Understanding the Real Estate Pricing Game
Real estate pricing is part art, part science. It requires a deep knowledge of the local market, a clear understanding of a property's unique features, and sometimes, just a dash of intuition. There are multiple prices that come into play in any real estate transaction:
- Assessed value: This is what the county believes your property is worth for tax purposes. In Arlington, it is usually adjusted every year in January. The county assessor does not examine every property every year - that would be impossible. Rather, they make blanket adjustments for entire groups of properties or apply a certain percentage increase from the year before.
- Appraised value: An appraiser’s estimation of your property’s value, usually carried out for the benefit of a lender. You can ask three different appraisers and you can get three different answers, but they should be close to each other.
- Fair Market Value (FMV): This is the most likely price that a property would sell for on the open market.
- Asking price: The initial price at which a property is listed.
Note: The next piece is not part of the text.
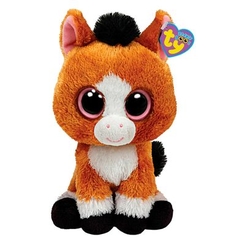 М'які тварини - М'яка іграшка TY Beanie Boo's Кінь Дакота 25 см (36976)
Depending on the strategy, this could be at market value, below market, or above market.
- Sales price: The agreed-upon price between buyer and seller, which may be different from the asking price. The final sales price could be more or less than the asking price depending on a number of factors.
- Net price: The net price is the Sales price minus any seller concessions to the buyer.
For the same property, all of these can be different!
The Science of Real Estate Appraisal
Before discussing how agents and sellers arrive at a sales price, a few words on appraisals. An appraiser is a licensed professional who go through a long apprenticeship and numerous classroom hours. Appraisers follow certain rules to arrive at an appraised price. Appraisals provide a neutral, professional opinion on a property's value. Appraisers use one of several methods to arrive at a figure.
The Cost Approach
For newer properties, especially those without a significant number of comparable sales, the cost approach can be used. This is a straightforward calculation that estimates the cost to replace the property with a comparable one, while adjusting for depreciation. This method can be used for single family homes, but rarely for a condo.
The Income Approach
Primarily used for income-producing properties, the income approach assesses what a potential buyer could earn from a property over its lifespan. If you know the income a property is producing and the going cap-rate for the area, then it is a straightforward calculation. This is often used for larger commercial projects but not individual condos.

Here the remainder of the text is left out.